# New MINI 4x4 concept designs



## idc4mhc (Aug 18, 2008)




----------



## FlowMINI (Sep 4, 2008)

Wow, I like the roof, hood and doors, Just need to do that to the current R56-R55 Dont like the new shape. Looks like the isuzu vehicross


----------



## idc4mhc (Aug 18, 2008)

Yeah there is some resemblance.
I love the roof with the multi glass and solar panel. I also dig the side-swing rear gate.
But my favorite feature has got to be the "chrytal-globe" Nav System!


----------



## Rich_Jenkins (Jul 12, 2003)

That is just about the stupidest thing I have ever seen.


----------



## idc4mhc (Aug 18, 2008)

Never seen a Pontiac Aztec?

I think this MINI looks pretty cool. Probably not designed for the MINI purist, but it is a sweet alternative to a CRV or Sportage or Escape.


----------



## NJREDZ06 (Mar 31, 2008)

I like it


----------



## clubboy (Jul 18, 2008)

The Mini is unique. This resembles many other SUVs and doesn't stand out against them like the mini does other cars. So it's bleh in my books.


----------



## phong (Jul 5, 2007)

it's unique but i think it should get rid a bit of its "bubbly" looks


----------



## clubboy (Jul 18, 2008)

phong said:


> it's unique but i think it should get rid a bit of its "bubbly" looks


I don't think it comes even remotely close to the ratio of uniqueness that Mini cars have towards other cars. My two cents.


----------



## mustaine (Nov 9, 2007)

idc4mhc said:


> Never seen a Pontiac Aztec?


Now that is some design marvel. :rofl::rofl::rofl:


----------



## mtbscott (Jul 16, 2003)

I think BMW/MINI is getting greedy. They are already selling as many of their "original" MINI's as they can produce, have just added the Clubman, but this just strays too far from the concept. I don't want MINI to have something for everyone, part of their appeal is that they aren't seen as mainstream.


----------



## clubboy (Jul 18, 2008)

mtbscott said:


> I think BMW/MINI is getting greedy. They are already selling as many of their "original" MINI's as they can produce, have just added the Clubman, but this just strays too far from the concept. I don't want MINI to have something for everyone, part of their appeal is that they aren't seen as mainstream.
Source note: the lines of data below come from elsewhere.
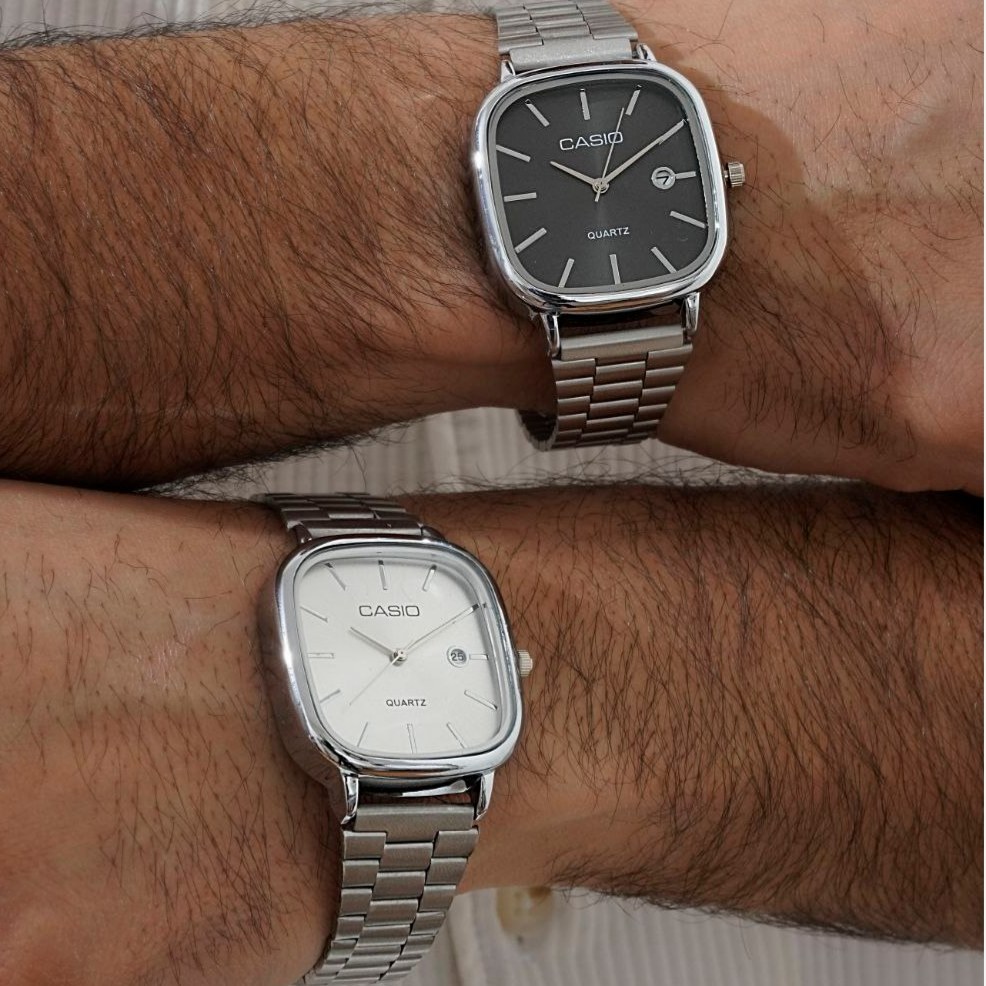 ساعت مچی مردانه کاسیو Casio old money تقویم دار بدنه تمام استیل رنگ ثابت کد mp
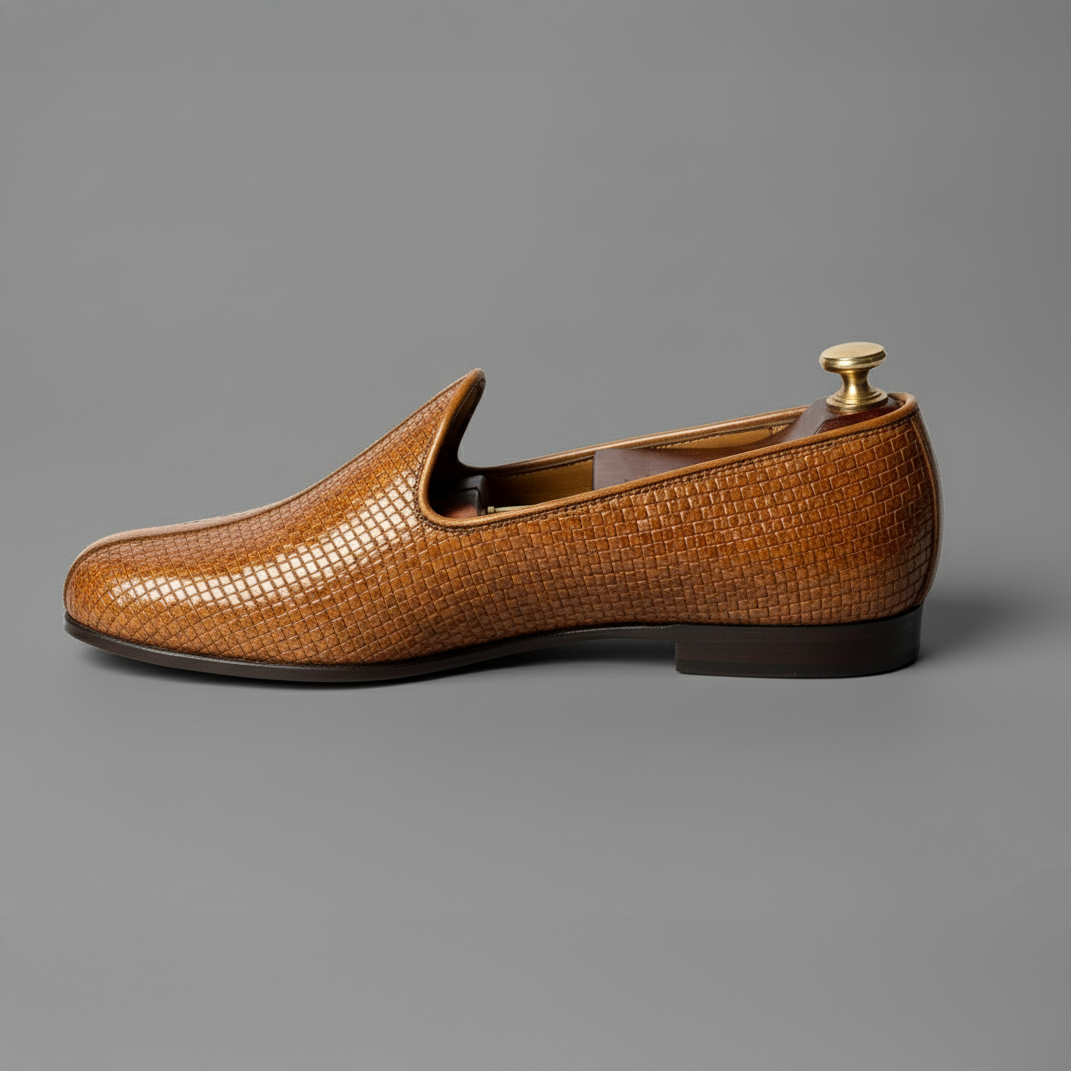 Tan Braided Leather Tana Peshawari Jutti Loafers | Wedding Shoes for Groom | Shoes for Haldi Mehendi Sangeet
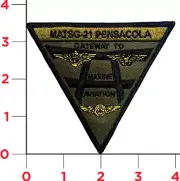 MARINE CORPS MATSG-21 PENSACOLA EMBROIDERED GREEN OD HOOK & LOOP PATCH
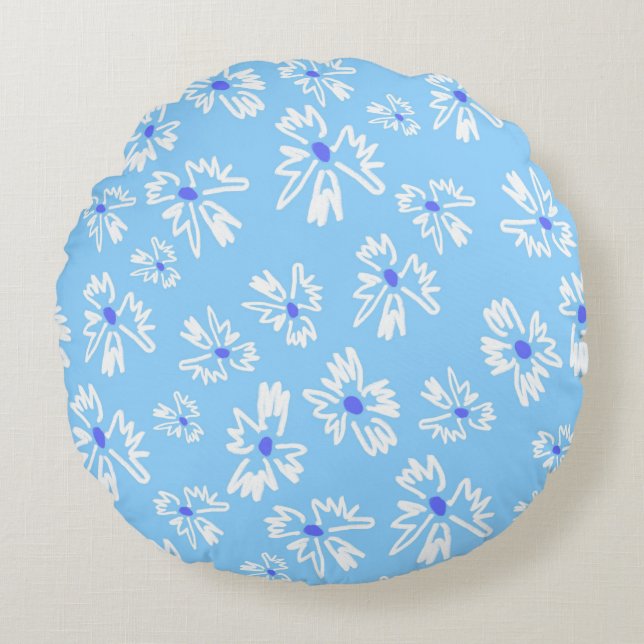 Aantrekkelijke Floral Bliss Patterned Rond Kussen (Voorkant)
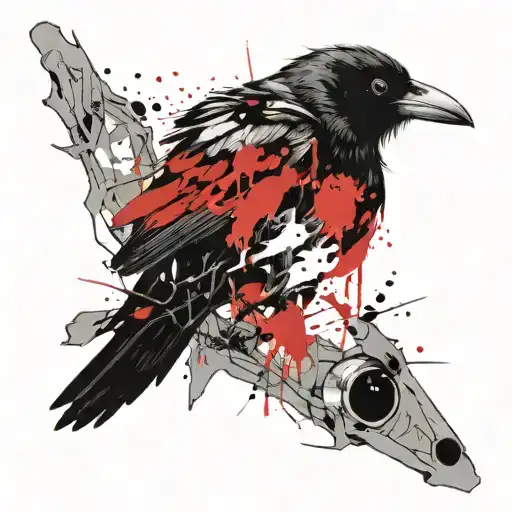 A Crow On A Branch Representing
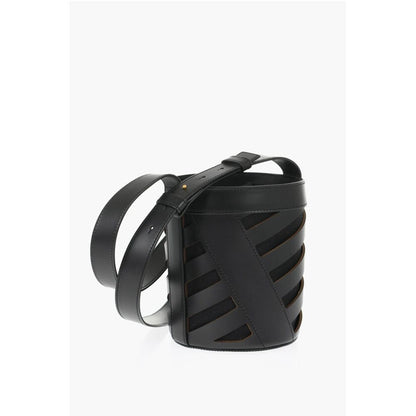 Leather CUT-OUT DIAG Bucket Bag with Drawstring
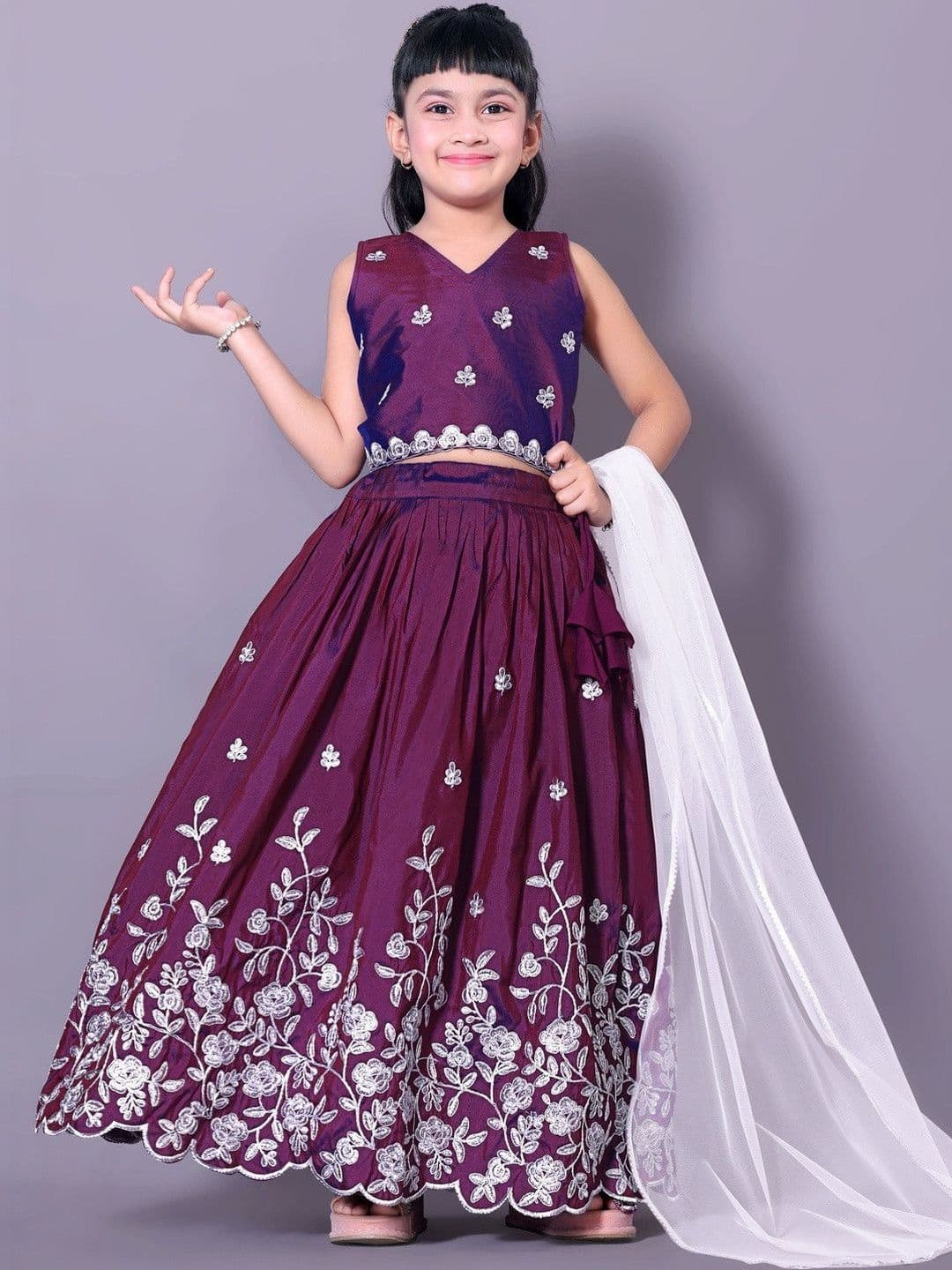 RJ ONLINE Girls Embellished Tie and Dye Ready to Wear Lehenga & thumbnail 3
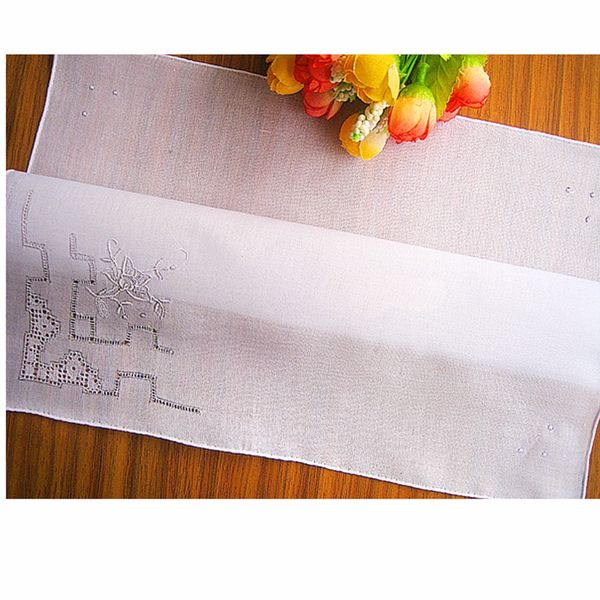 

white handmade handkerchief 100% cotton vintage soft thick ladies drawnwork embroidered flower hankies shantou 28cm kids mocket, Black;blue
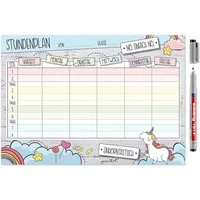 younikat Schülerkalender Einhorn Stundenplan mit magnetischer Rückseite I Abwischbar I DIN A4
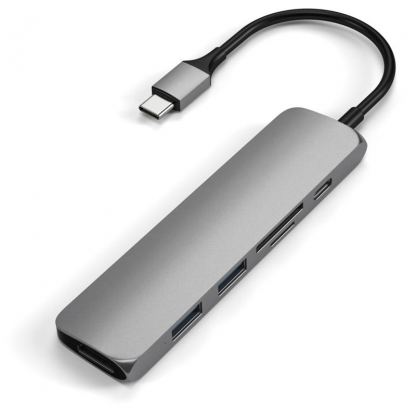 Satechi USB-C Multiport Adapter V2 - мултифункционален хъб за свързване на допълнителна периферия за компютри с USB-C (тъмносив)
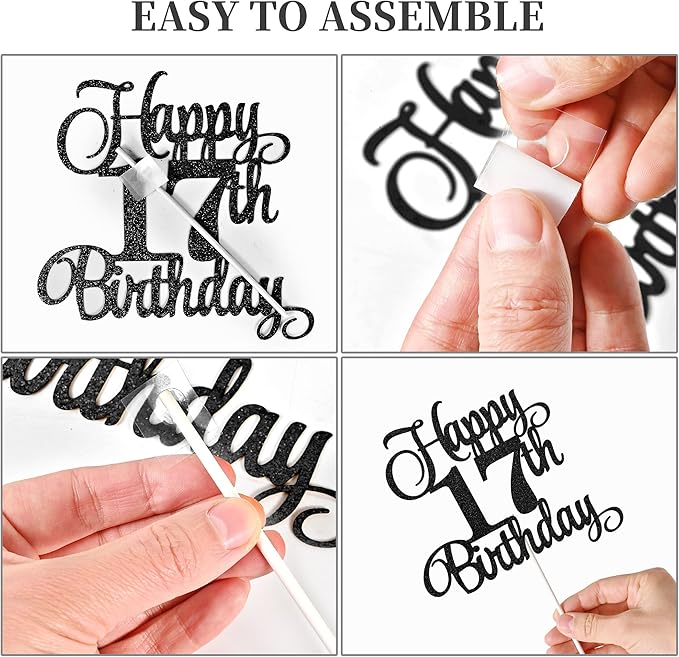 17th Birthday Cake Decorations, 17th Birthday Candles Cake Numeral Candles and Glitter Happy 17th Birthday Cake Toppers Set for Birthday Party Supplies (Black)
I agree. There was a gentleman who went into the beer business and added different types of beer to his roster. Finally sold it and decided to do it all over, but make One beer (A pilsner) really well, and he's doing better business than he ever did being all things to all people. Cadillac once tried to be all things to all people and failed. Cimmaron anyone? Catera perhaps?


----------



## NJREDZ06 (Mar 31, 2008)

BMW/Mini has a broader demographic than Cadillac though.

Almost everything that BMW/Mini produces sells very well. I cannot fault them for trying the SAV/SUV crossover route. This market segment has become very popular since the larger 4x4's are a dying breed due to higher fuel costs.

I am keeping my mind open and will make my decisions once I drive it rather than making my decision based on a concept photo.


----------